By immersing themselves in the real stories of local soldiers and experiencing at first-hand some recreations of army life - such as drills and bayonet training - the young people managed to create a visually powerful 15-minute piece of contemporary dance.
Chorley Boys dancer, Stephen Mercer, said: “It was important to us that our portrayal of these brave men was sensitive, well researched and authentic.
“We wanted to explore the heritage of our local area through the piece as well as using dance, music and film to tell their story.
“It is said that the men of Chorley retained their identity and close connection to their hometown throughout their war experience - being proud to be called ‘The Chorley Pals’.
“This is much like we are; proud to be part of The Chorley Boys.”

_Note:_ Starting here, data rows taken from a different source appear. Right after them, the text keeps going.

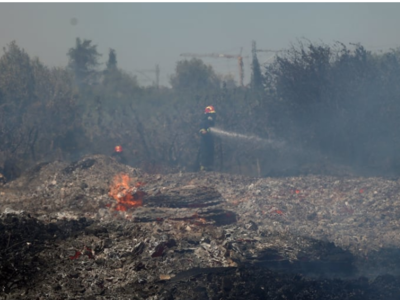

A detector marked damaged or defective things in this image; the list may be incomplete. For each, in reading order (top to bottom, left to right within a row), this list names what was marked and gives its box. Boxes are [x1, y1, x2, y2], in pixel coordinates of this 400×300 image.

charred debris [0, 154, 400, 298]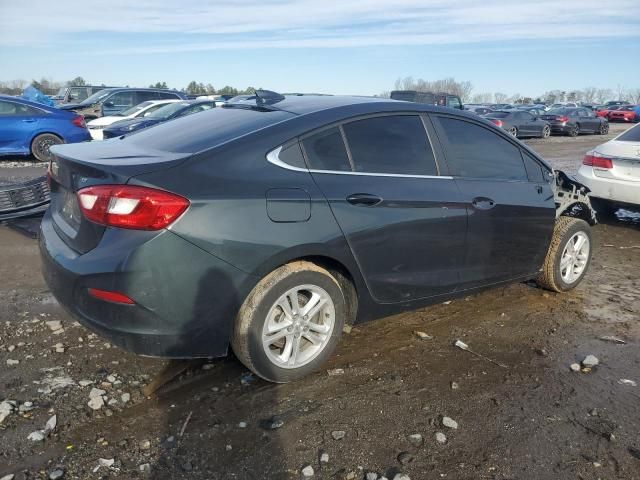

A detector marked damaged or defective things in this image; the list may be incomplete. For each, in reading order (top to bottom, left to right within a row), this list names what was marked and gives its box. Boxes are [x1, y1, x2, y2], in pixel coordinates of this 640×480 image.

front bumper damage [0, 176, 50, 221]
damaged front fender [0, 176, 50, 221]
damaged front fender [552, 170, 596, 226]
front bumper damage [552, 171, 596, 225]
damaged car in background [40, 90, 596, 382]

The project, called ‘The Journey of a Lancashire Soldier’, was supported by Ludus Dance choreographers and the Heritage Lottery Fund.
The choreography is designed to be performed live, alongside a five-minute film, which was also produced by the group with filmmaker Michael Wray, with an original score by Lee Affen.

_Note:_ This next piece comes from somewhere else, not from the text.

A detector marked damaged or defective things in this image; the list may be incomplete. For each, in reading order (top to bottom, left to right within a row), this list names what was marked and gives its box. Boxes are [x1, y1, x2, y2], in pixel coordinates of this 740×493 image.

The Chorley Boys, who are based at St Michael’s CE High School, previewed their work in development at the Lancashire Youth Dance Festival in May, followed by full live performances at the UK Coaching Awards in Manchester and the Museum of Lancashire in December.
The idea of the Pals Battalions was to get friends, colleagues, neighbours and community groups to sign-up together - knowing that they were amongst friends.
The boys took inspiration from this to create a football section within their piece. They imagined being a group of lads, who meet up regularly for a game of football and who decide to all sign-up together.
The Chorley Pals was to become part of the Accrington Pals Battalion of the East Lancashire Regiment.
Six months after the Pals left for war, they would be at the frontline in the opening attack of the Battle of the Somme. This battle was one of the worst in the history of the British Army and many of the original Pals were killed, wounded or bore psychological scars.
Like the soldiers it memorialises, the ‘Journey of a Lancashire Soldier’ project will leave a long-term legacy.
The short film and some accompanying teaching materials will be made available to every school in Lancashire, to help teaching staff deliver movement-based classes on the topic.
There are also hopes of a further live public performance, to coincide with Somme centenary commemorations planned by the Chorley Pals Memorial Trust this year.